SPOX: Müssen Sie sich deshalb im DFB-Team auf Dauer umorientieren?

Höwedes: Es ist eine gewisse Umstellung, eine komplette Umorientierung ist es aber nicht.

SPOX: Die Position des Außenverteidigers fristet gemeinhin immer noch ein eher unbeachtetes Dasein und wird als nicht so wichtig empfunden.

Höwedes: Das ist aber so nicht ganz richtig. Die letzte Verteidigungslinie steht immer besonders im Fokus. Man muss da auch als Außenverteidiger höllisch aufpassen und auf der Höhe sein. Die Position ist deshalb auch reizvoll, weil sie einen Spieler in einem besonderen Maße fordert.

SPOX: Beschreiben Sie doch einmal das Anforderungsprofil.

Höwedes: In der Defensive muss die Abstimmung mit den anderen Kollegen der Viererkette perfekt passen, man braucht eine gute Grundschnelligkeit und Zweikampfstärke im Eins-gegen-eins. Sehr oft hat man es da mit einem trickreichen, wendigen Gegner zu tun. Man muss viel Laufarbeit verrichten. In der Offensive ist man auf dem Flügel gefordert, muss präzise flanken und auch mal einen Gegner ausspielen können. Die Position wird etwas verkannt. Ich finde, sie ist sehr wichtig.

SPOX: Gehen Sie den Job als gelernter Innenverteidiger von Haus aus etwas defensiver an?

Höwedes: Meine grundsätzliche Denkweise orientiert sich sicherlich zunächst darauf, Tore zu verhindern. Ein Spiel wie das von Dani Alves entspricht nicht meinem Naturell. Das heißt aber nicht, dass ich nicht auch Akzente im Offensivspiel setzen kann. Vor allem gegen defensiv eingestellte Gegner muss man Druck nach vorne machen. Das habe ich in den letzten Spielen auch recht ordentlich gemacht.

SPOX: Wo sehen Sie bei sich noch Defizite?

Höwedes: Meinem Angriffsspiel fehlt manches Mal noch die Leichtfüßigkeit, der Spielwitz. Im Dribbling kann ich mich noch verbessern und meine Flanken könnten präziser sein. Das sind eben die Dinge, die man als Innenverteidiger normalerweise nicht macht. Aber ich glaube auch, dass man ein besseres Gefühl dafür bekommt, je öfter man die Position spielt.

SPOX: Ist es für einen Kapitän im Sinne der Kommunikation auf dem Spielfeld ungünstig, auf die Außenbahn ausgelagert zu werden?

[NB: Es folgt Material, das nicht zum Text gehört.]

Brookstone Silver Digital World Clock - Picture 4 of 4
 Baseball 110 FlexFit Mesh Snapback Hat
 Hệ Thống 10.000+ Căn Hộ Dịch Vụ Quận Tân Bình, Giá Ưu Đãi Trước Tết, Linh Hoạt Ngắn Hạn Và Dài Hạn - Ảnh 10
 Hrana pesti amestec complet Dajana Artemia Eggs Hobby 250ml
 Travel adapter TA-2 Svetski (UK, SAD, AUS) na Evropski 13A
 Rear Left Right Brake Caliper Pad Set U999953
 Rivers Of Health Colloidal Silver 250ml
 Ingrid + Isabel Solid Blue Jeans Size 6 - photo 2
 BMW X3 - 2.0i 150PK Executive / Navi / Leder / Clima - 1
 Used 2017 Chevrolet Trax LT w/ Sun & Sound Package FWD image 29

Höwedes: Man kann aus dem Zentrum heraus mehr Anweisungen und Kommandos geben. Von daher sehe ich zumindest einen Unterschied. Einen Nachteil kann ich deshalb aber nicht erkennen.

SPOX: Philipp Lahm wird es einige Male als solcher ausgelegt, wenn er nicht immer gleich mitten im Geschehen ist.

Höwedes: An der Autorität eines Kapitäns den Mitspielern oder dem Schiedsrichter gegenüber ändert das rein gar nichts.

SPOX: Schalke hat zum Bundesligaauftakt relativ klar verloren, Sie bleiben trotzdem sehr optimistisch. Warum?

Höwedes: Unsere Vorbereitung war sehr gut, dazu haben wir ein junges, talentiertes Team. Vor dem Spiel hatte ich ein gutes Gefühl und eine positive Grundeinstellung. In der ersten halben Stunde haben wir das auch gut gemacht, hatten ordentliche Pressingsituationen und ein paar gute Ballgewinne. Aber im Konterspiel waren wir zu ungenau und sind somit trotz guter Ausgangspositionen nicht gefährlich genug vor dem Tor geworden. Aber ich bleibe dabei: Trotz des verpatzten Starts werden wir eine ordentliche Saison spielen.

SPOX: Was hat sich an der Schalker Spielweise unter Ralf Rangnick im Vergleich zu dessen Vorgänger geändert?

Höwedes: Wir suchen jetzt die frühen Ballgewinne, um den kürzeren Weg zum Tor zu haben. Und wir wollen schneller nach vorne spielen. Diese Entwicklung dauert natürlich, das braucht Zeit. Wir haben in der Vorbereitung in diesem Bereich aber schon gute Fortschritte gemacht und sind einen Schritt weitergekommen.

SPOX: Schalke steht erneut vor einer Saison des Umbruchs. Wann findet die Mannschaft zu einer gewissen Kontinuität?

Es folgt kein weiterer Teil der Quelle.